Malgré cette défaite les Confédérés ont pu conserver le Tessin grâce à Schiner. Toutefois, la position du cardinal en fut durablement affaiblie à Rome comme en Valais.

Illustration 15: Huldrych Zwingli

Mätthäus Schiner dut quitter définitivement le Valais en 1517 à cause du conflit qui divisait les Valaisans. Il s’est d’abord enfui à Zurich où il s’est fort bien entendu avec le réformateur Huldrych Zwingli, peut-être parce que celuici aussi avait fait une carrière glorieuse alors qu’il n’était qu’un fils de paysans de montagne.

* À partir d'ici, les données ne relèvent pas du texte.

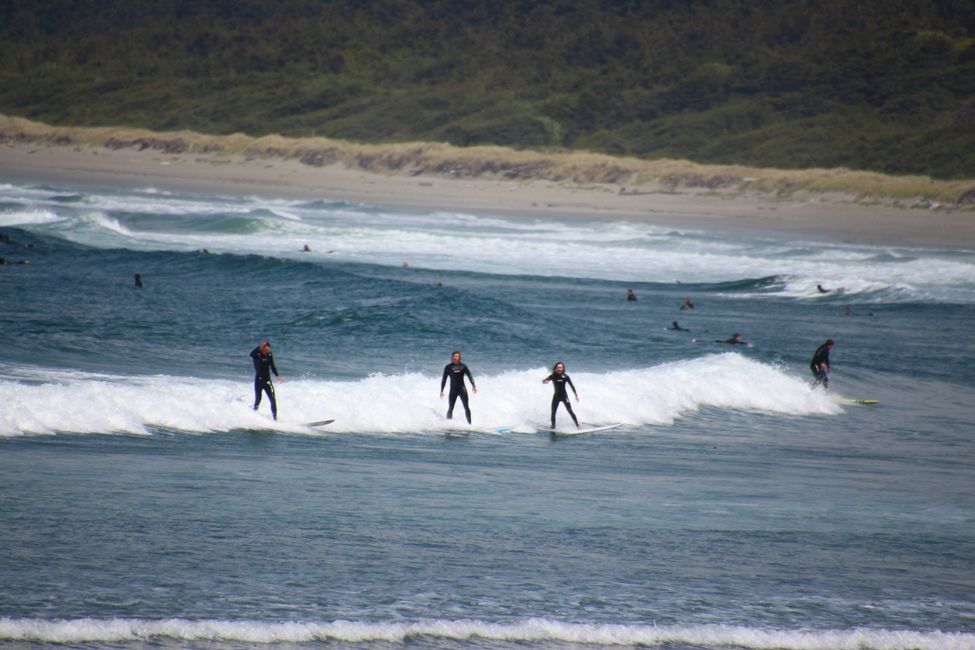 Etiqueta 7: Parque Nacional Pacific Rim - Ucluelet - Tofino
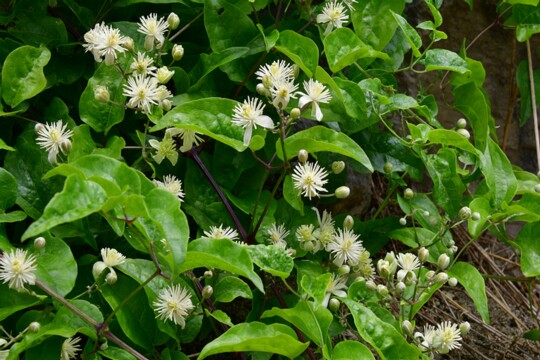 Clematis vitalba - Gewöhnliche Waldrebe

Mais comme Zwingli était un réformateur, il n’a pas pu devenir cardinal.

II.3 Politicien européen

Illustration 16: L’empereur Charles V

Jamais cependant le combatif Matthäus Schiner n’a perdu de vue son objectif de conduire les Confédérés dans une alliance avec le Pape et d’unifier l’Italie sous la conduite du Vatican tout en la libérant des Français. En 1519 il a soutenu avec succès l’élection de Charles V de Habsbourg comme empereur romain germanique. Deux ans plus tard, il a reconquis avec l’aide des Confédérés la ville de Milan.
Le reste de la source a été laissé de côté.